『悲しくも笑える左利きの人々』という本を読みました。
この本は、著者が、左利きの子どもが社会生活で感じるギャップに悩む親御さんからの相談を幾度か受けたことをきっかけに、そのギャップを少しでも埋めるため、左利きの社会生活上の不便を文章化したものだそうです。
私も左利きです。
数年前に自分の人生の折り返し地点をふと考えたときに、右利きとして残りの人生を歩むことが出来れば、少しは社会生活が楽になるのではないかと思い、書字は右手に変更しました(矯正ではない)。
そこから、気づいた時には左手で行っていることを右手に変更しようとしておりますが、なかなか多くのことを左手で行っていることに気づかされました。
たとえば、ドライヤー。左手で柄を持って、右手でコンセントを差し、左手を駆使して髪を乾かし、左手で所定の位置に戻していました。
これを右手で行うとさあ大変。無意識に行っていたドライヤーと頭部との距離感覚がリセットされてしまい、よく頭にドライヤーの先端がぶつかります。
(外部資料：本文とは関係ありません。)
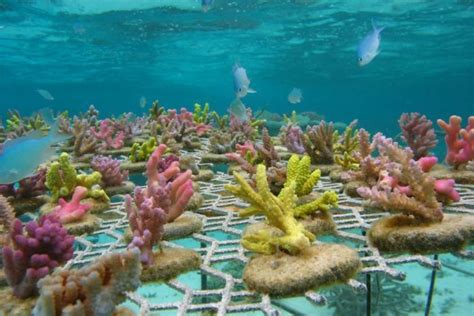 Corals for Conservation - Restoring Reefs in the South Pacific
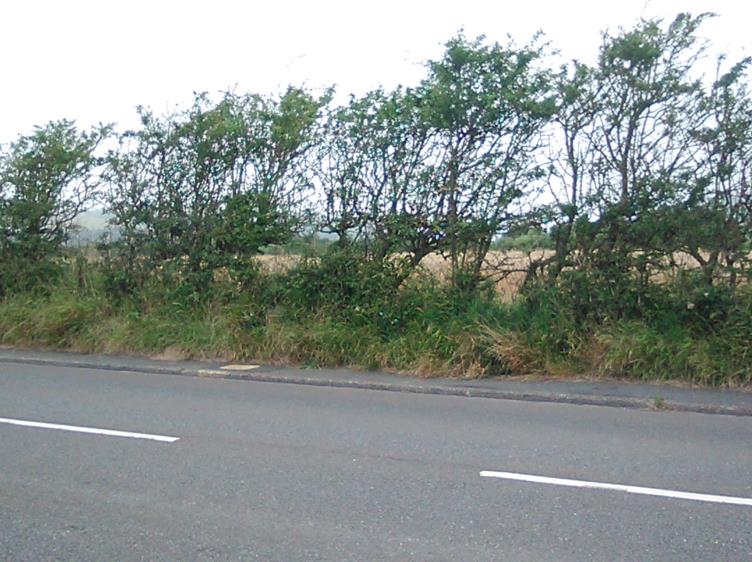 photograph from page 12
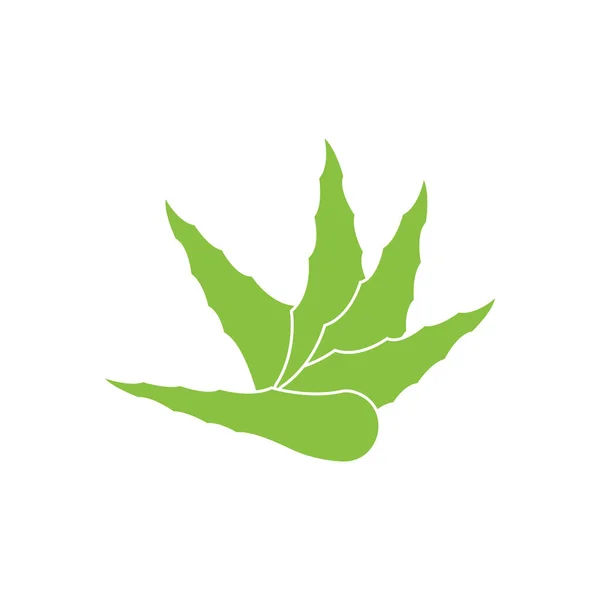 Aloe Vera Logo Icon Design Symbol Beauty Skin Care —  Vetores de Stock
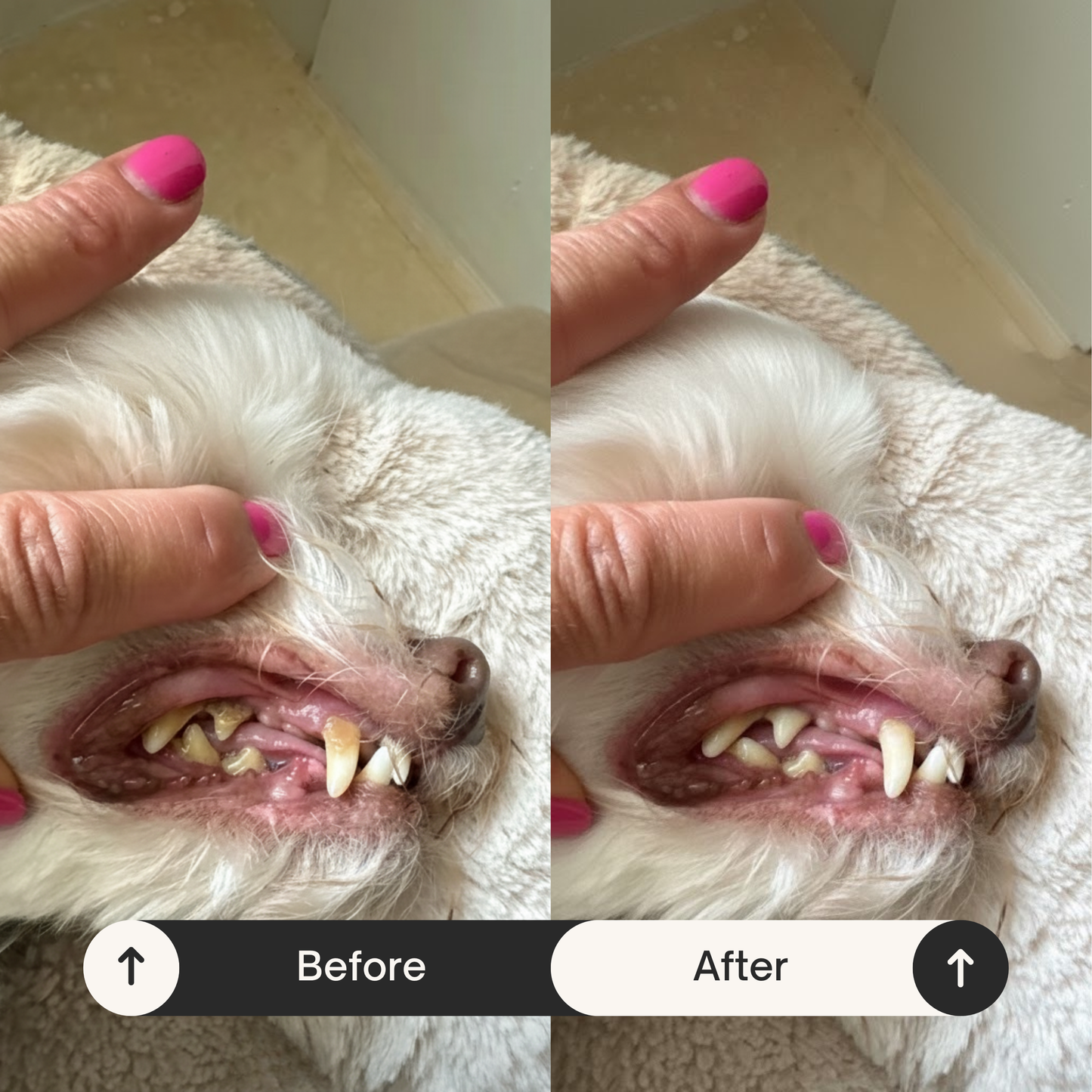 PureDent+ Dental Powder For Dogs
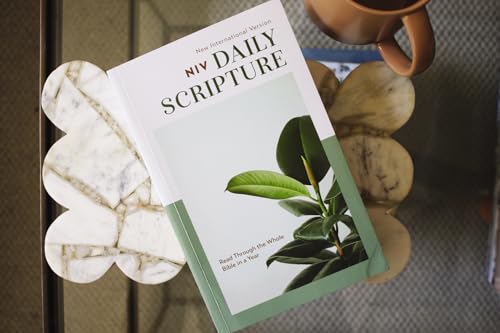 Image of NIV, Daily Scripture, Paperback, White /Sage, Comfort Print: 365 Days to Read Through the Whole Bible in a Year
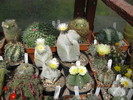 kaktuszok 2010 jun.25 026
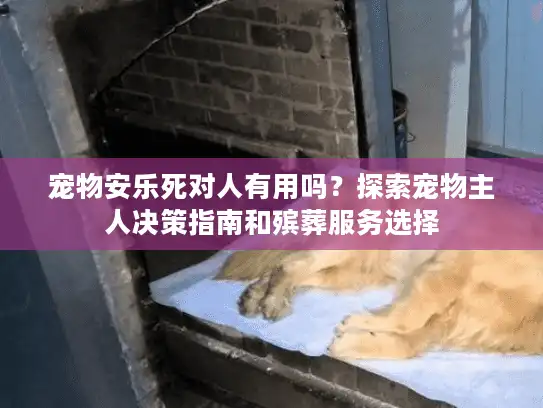 宠物安乐死对人有用吗？探索宠物主人决策指南和殡葬服务选择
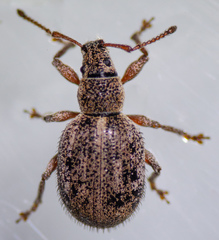Thricolepis inornata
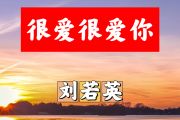 很爱很爱你简谱 刘若英《很爱很爱你》简谱+动态视频F调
また、温風を届かせられない部位があって、つい左手に持ち替えて乾かしてしまいました。
左利きが身体に染みついていると改めて感じました。
人生で初めて左利きとして不便を感じたのは、学校の書写の授業でした。
そう、毛筆で字を書くあれです。
筆で書く字は、右利き用にできています。
まず、毛筆の先が左上を向くように紙に筆を下ろします。左手では、左肘関節が極まってしまいます。
また、多くの「ハネ」や「ハライ」は左方向に向きます。左手でそれを行うと、裏拳を打つような動作になります。「右ハライ」は、一旦筆の動きを止めてから払うようにできていますが、左手ではそのまま払い切りたくなります。
横棒は左から右へ。右利きは腕を引きますが、左利きは腕を向かわせるので窮屈です。
当時は、慣れない右手で書写を行いましたが、今思えば、半紙を右45°に傾けて書いてもよかったのかもしれないと思うこともあります。
そこから、長い長い受難の時間を過ごすことになります。
体育の授業でソフトボールを行うにも、当時の学校に左利き用グローブは無く。
駅の自動改札機では左手をぐーっと右側に伸ばして切符を挿入し。
缶切りは下手だと揶揄され。
その他にも、左利きとして不便を被っていたことがある、ということが、この本を読んでわかりました。
たとえば、算数のテスト。
用紙の左側に問題文があり、右側に解答欄があります。
右利きの人は、何不自由なく問題文を読み、解答欄に記入することが出来ていたんだそうです。
左利きの人は、解答中に問題文を読み返すときに、左腕が問題文を覆ってしまっていたので、その都度左腕を挙上して問題文を読まなければならなかったそうです。たしかに、言われてみればこのような動作をしていたと思い出されました。
他には、ハンコ。
ハンコの押印欄は、用紙の右側にあることが多いそうです。私は、ハンコを押すたびに、紙を右に90°転回していました。こうすことで、押印欄が左下に来るからです。しかし、右利きの人は、そんなひと手間をかけることなく押印していたとは…。
あと、お寿司も、右利きの人が取りやすい方向に傾けて配膳されているそうです。左利きの私は、まるで裏側から手を伸ばしているかのように箸を操り、箸先が右下を向くようにしてお寿司を取っていました。これも右利きの人であれば、箸の持ち方を大きく変えることなくお寿司を取れていたんですね…。
理想を言えば、どちらの利き手であっても、不便を強いられない社会構造、障害の除去が望ましいと思います。左と右とが手を取り合って、互いに協力し合える社会のなっていくことを所望します。